--- WORK REQUEST ---
Which lines run from the line with "Next, let's cover" to the end of the entries? Write out exactly those, leaving out the pictures.

--- INFORMATION SHOWN ---
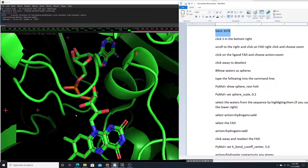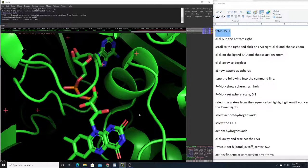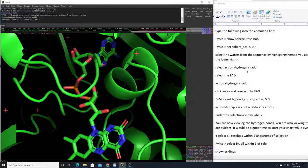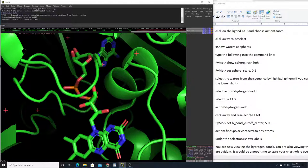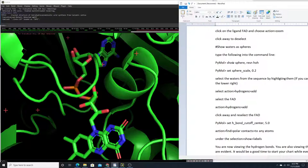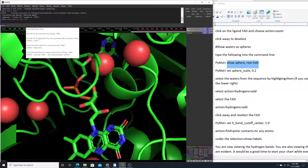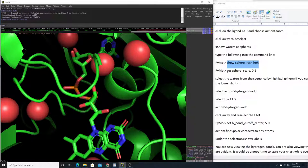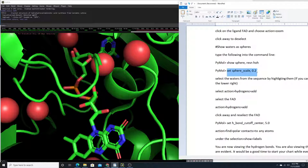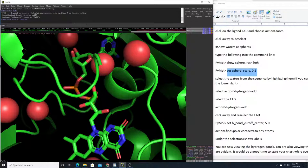I'm going to use the default settings for coloration and display at this point, except for the waters — I'll change those a little bit. Click away to deselect the ligand, and we want to show our waters as spheres. Type into the command line: 'show spheres' for the waters. Those are a little large, so let's scale them down to make them smaller.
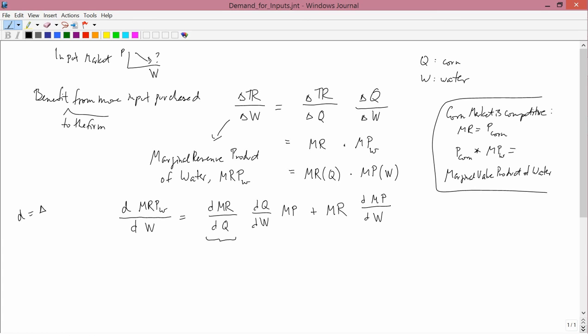How does marginal revenue change when corn output changes? Under competition, the marginal revenue curve is flat, so marginal revenue doesn't change when output changes — this term is zero. Under monopoly in the corn market, the marginal revenue curve is downward sloping, so as Q goes up, MR goes down — this term is negative. Also, if you buy more water, corn output goes up, and the marginal product of water is positive.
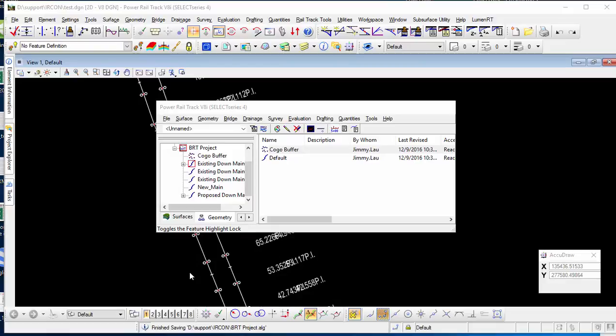This demonstration is going to show how to design your new vertical alignment with respect to the existing railway alignment in the same profiles.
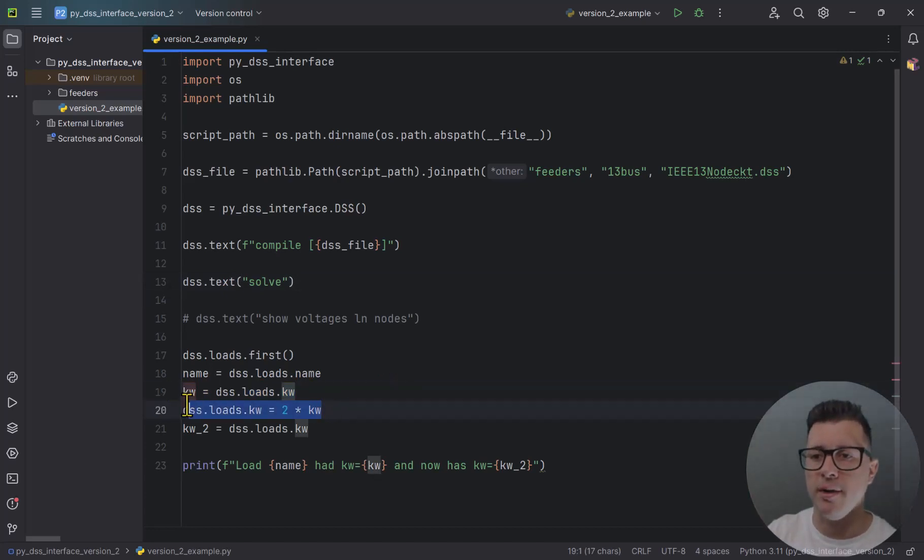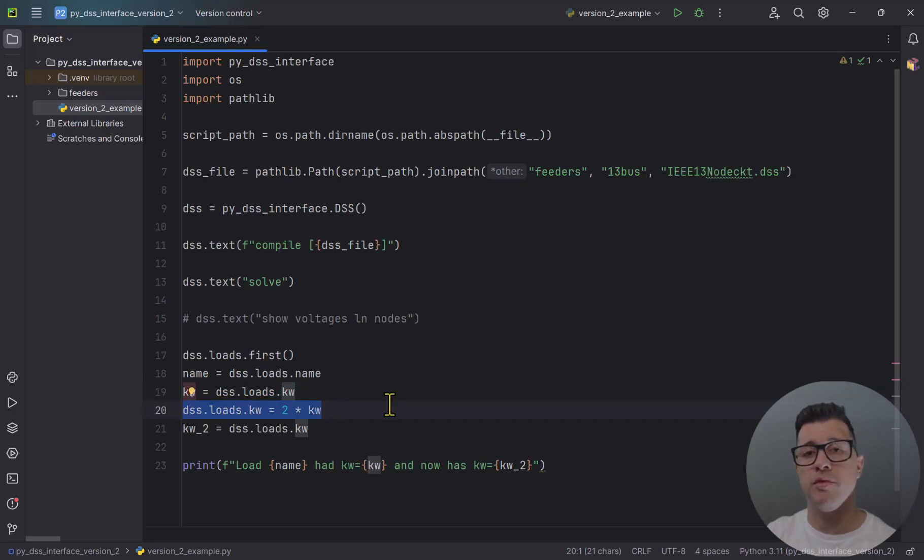Those are the differences between version 1 and version 2. In version 2, interfaces use 'dss.circuit.bus.loads' dot notation, most properties are attributes rather than methods, and you assign values directly to attributes. Please let me know if you liked this video — hit the like button and subscribe to my channel. I hope to see you in the next video.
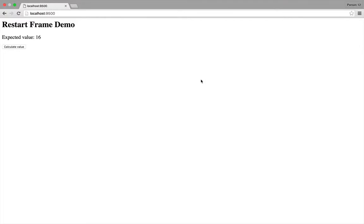I'm going to demonstrate a Chrome Debugger feature called Restart Frame. It allows you to step back in your code and rerun the code that ran just before you hit a breakpoint.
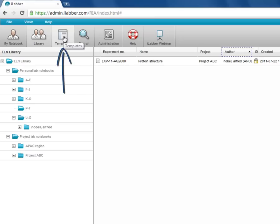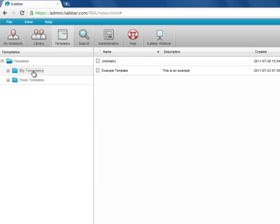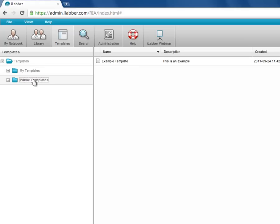The third button is templates. Here you can create a new template, but you can also find your old templates if you need to edit them. You have your personal templates which you can just double click to open, and there are the public templates which you can also open and edit if they belong to you.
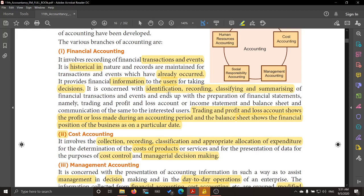Based on this information, users are able to take decisions. The users may be internal users as well as external users — internal users include management and trade unions. Financial accounting helps the users to take decisions. It is concerned with identification, recording, classifying, and summarizing of financial transactions, which comes in the accounting cycle.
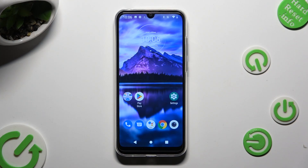Hi, in front of me is the Motorola Moto A6i, and today I would like to show you how you can manage Adaptive Brightness.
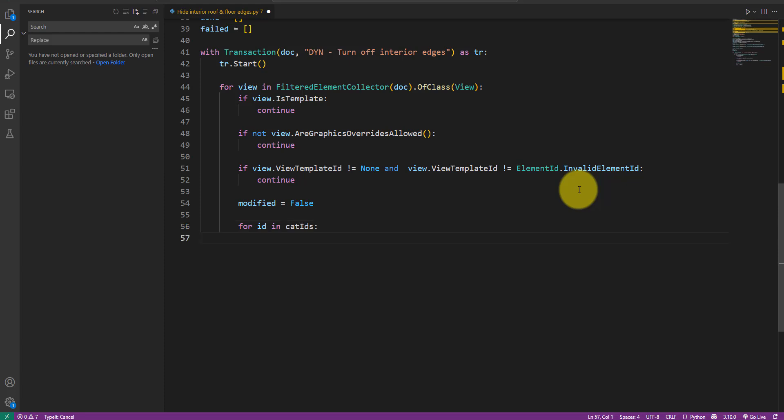Alright, we can now finally iterate over the two category ID values collected at the beginning of this script. As a reminder, these are the interior edge categories of floors and roofs. For each edge category, let's check if it can be hidden in the view. If so, we can finally set its hidden state to true.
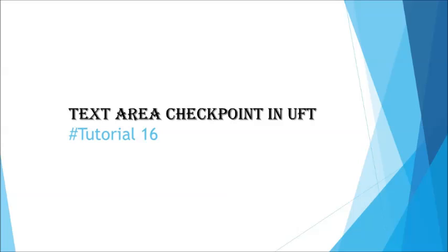Hello team, greetings for the day. Welcome back to another tutorial on UFT. This is Nish Kumar Singh and you're watching UFT series.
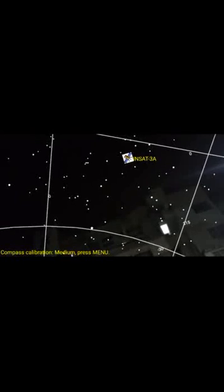It is showing you a yellow arrow that is telling you exactly where to point your mobile. Here you can see the Insat 3A coming up — that's the exact positioning of the satellite.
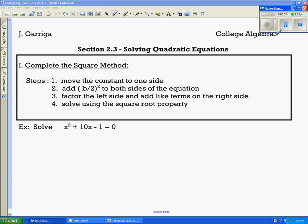In section 2.3, we're going to solve quadratic equations by the complete the square method and by the quadratic formula. The complete the square method consists of these four steps.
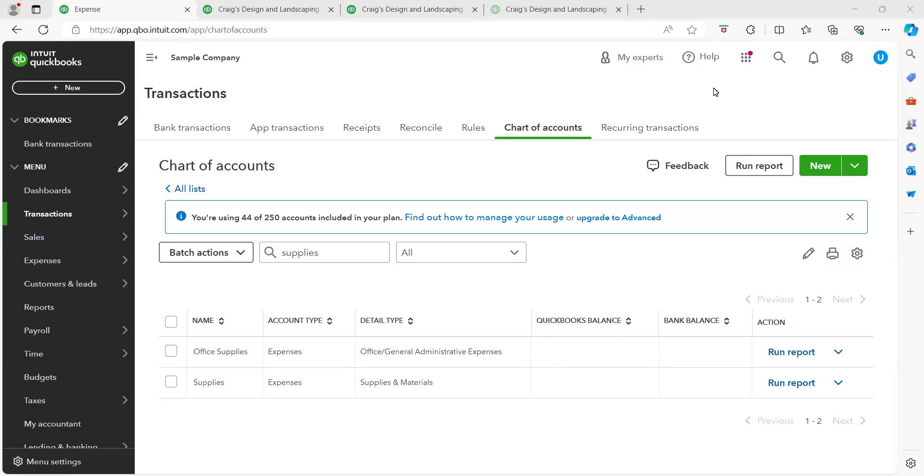Hi my name is Kayla and I help small business owners with QuickBooks Online. In this video I'm going to show you the difference between when should you use office supplies or supplies as a category.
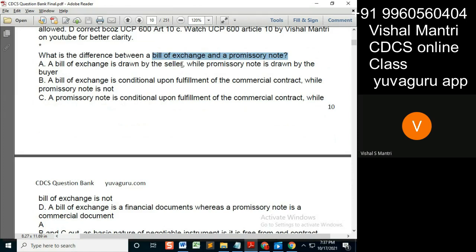Why should the seller draw the bill of exchange? Why should the buyer draw the promissory note? Who draws the promissory note? The one who has to pay — so, the buyer.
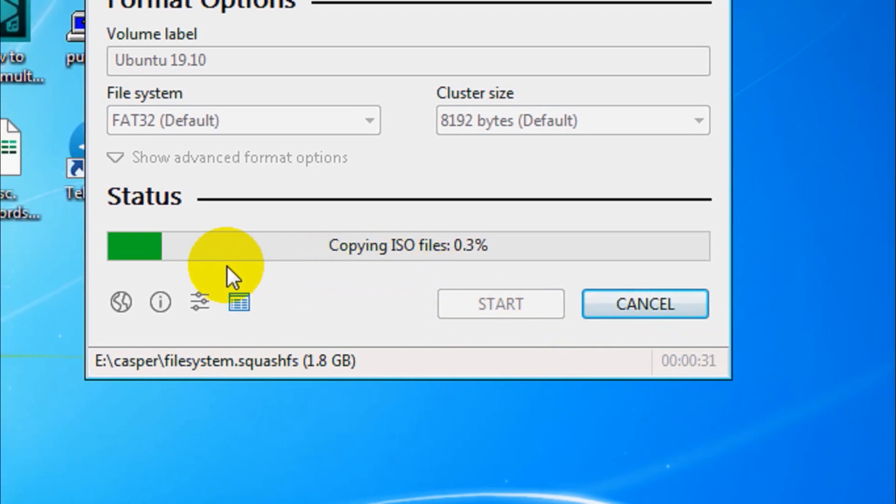It started copying the ISO files. The procedure is the same for Windows bootable USB as well when you choose the Windows ISO file.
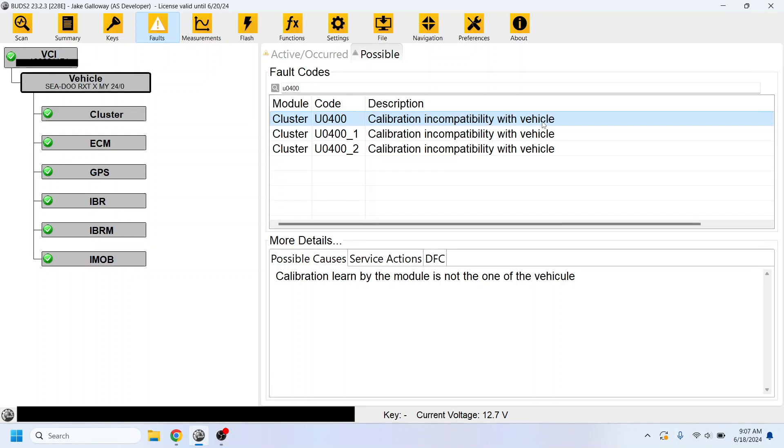It doesn't mean anything is wrong. So if you go through the fault codes on your cluster, and you happen to see U0400, that's perfectly fine. Anybody that has ever done a 325 override is going to get this code.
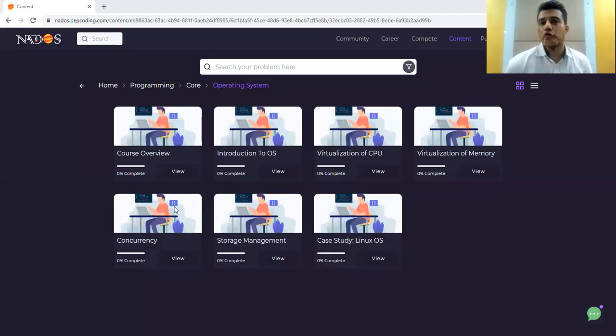What are we doing in it? We have created a course and let me quickly take you through that course. This is the course of operating system.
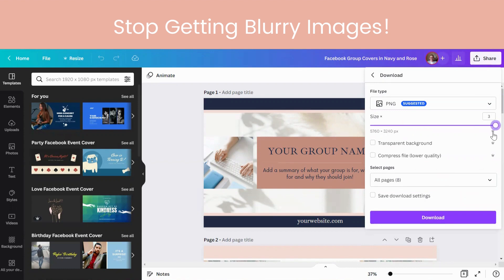If you drag that to as large as you can and then download, that should get rid of your blurry image problem and it should make it much more crisp whenever you actually upload it. I hope that helps you. It does make the file a lot bigger, but it gets rid of that problem.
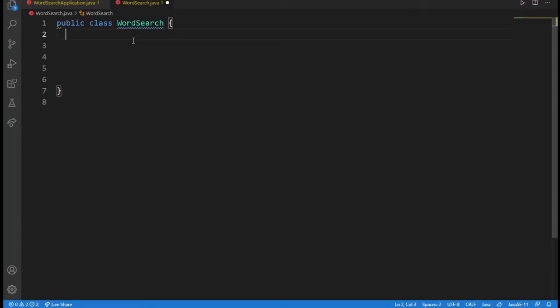Welcome back to another coding series video. This will be a brand new series in which I will try to code a word search program in Java. This will be a multi-part series since this is a challenge that I have never done and I just came up with this challenge. So anyways, this is part one.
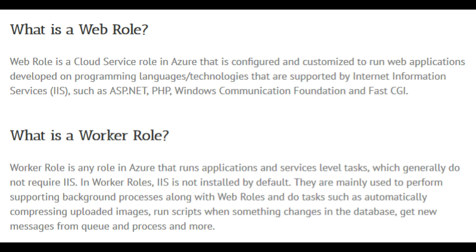Next, let's cover what the difference between a Web and WorkRole is, and what each one of them are to begin with. So let's take a look at the WebRole. According to this link from Cloudmonix, a WebRole is a Cloud Service role in Azure that is configured and customized to run web applications developed on programming languages.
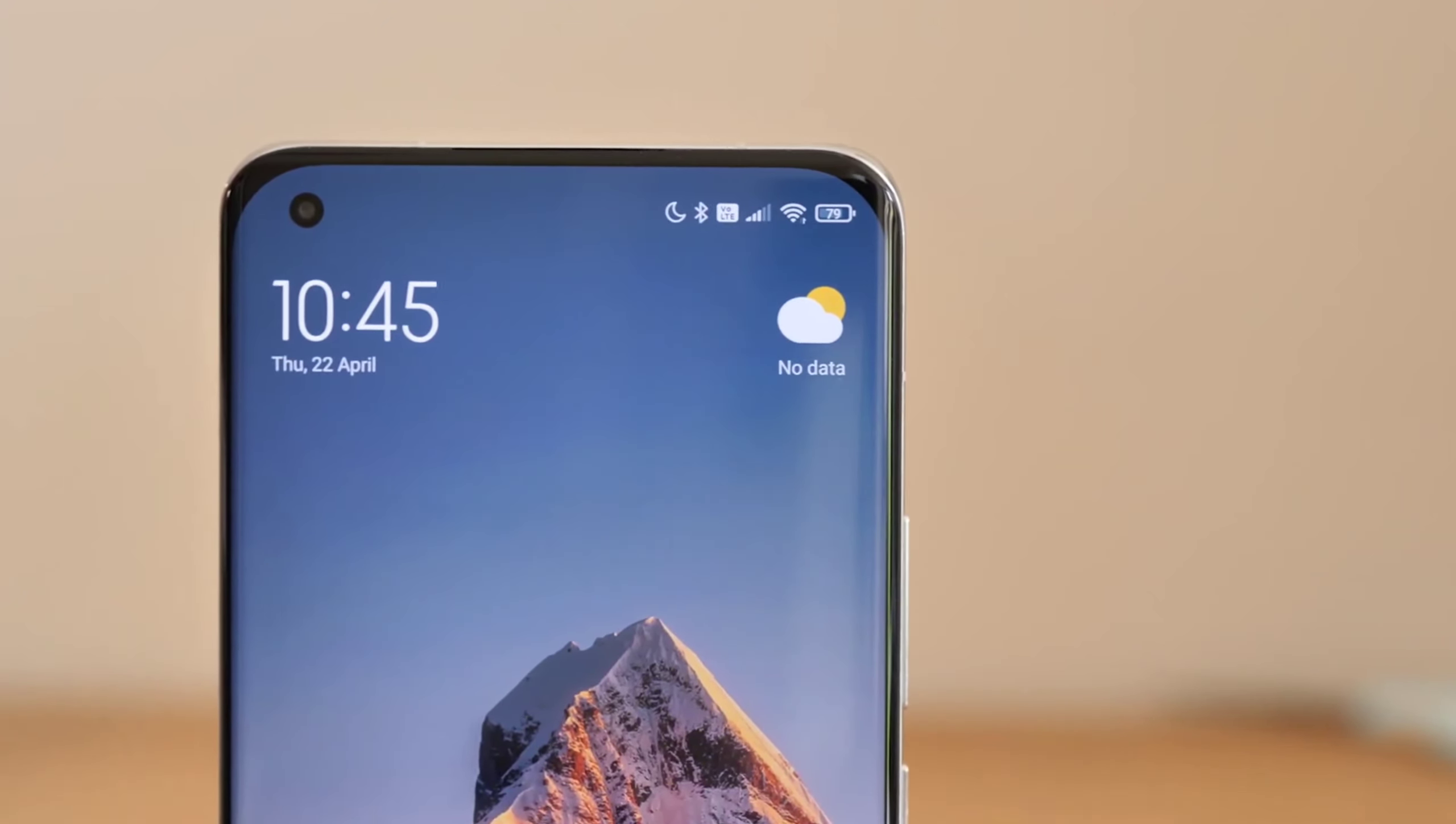According to leaks it is officially confirmed that Redmi Note 11 series in the Redmi Note 11 Pro inside will have Qualcomm Snapdragon 780G Dual 5G SoC, 6 nanometer technology based which is really amazing with 2.6 GHz clock speed.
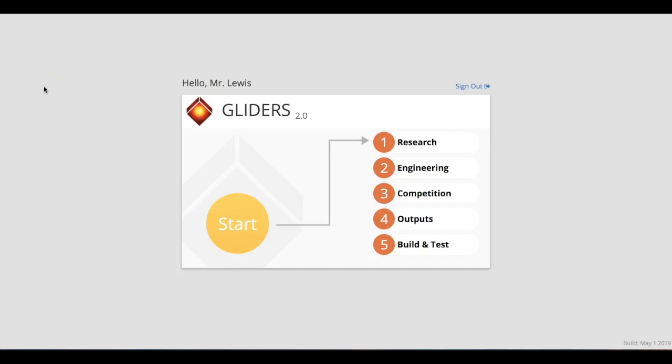All right, welcome back. This is the third video on gliders, probably the last one. The first video focused on the user interface and how to maneuver through the buttons. The second video focused more on utilizing the help section and walking through that.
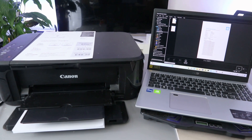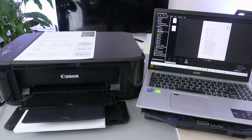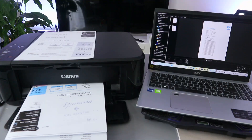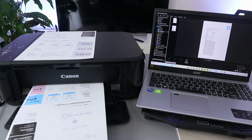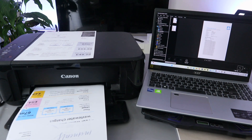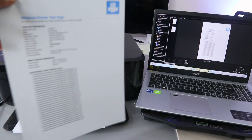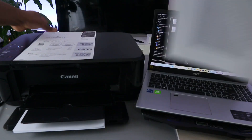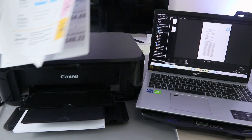Here we go — the document is printing out. You can see it printed in color. The first one we printed was in black and white, and this one is in color.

--- ANSWER FOR THE TASK ---
Next, let's cover what the difference between a Web and WorkRole is, and what each one of them are to begin with. So let's take a look at the WebRole. According to this link from Cloudmonix, a WebRole is a Cloud Service role in Azure that is configured and customized to run web applications developed on programming languages.
According to leaks it is officially confirmed that Redmi Note 11 series in the Redmi Note 11 Pro inside will have Qualcomm Snapdragon 780G Dual 5G SoC, 6 nanometer technology based which is really amazing with 2.6 GHz clock speed.
All right, welcome back. This is the third video on gliders, probably the last one. The first video focused on the user interface and how to maneuver through the buttons. The second video focused more on utilizing the help section and walking through that.
Here we go — the document is printing out. You can see it printed in color. The first one we printed was in black and white, and this one is in color.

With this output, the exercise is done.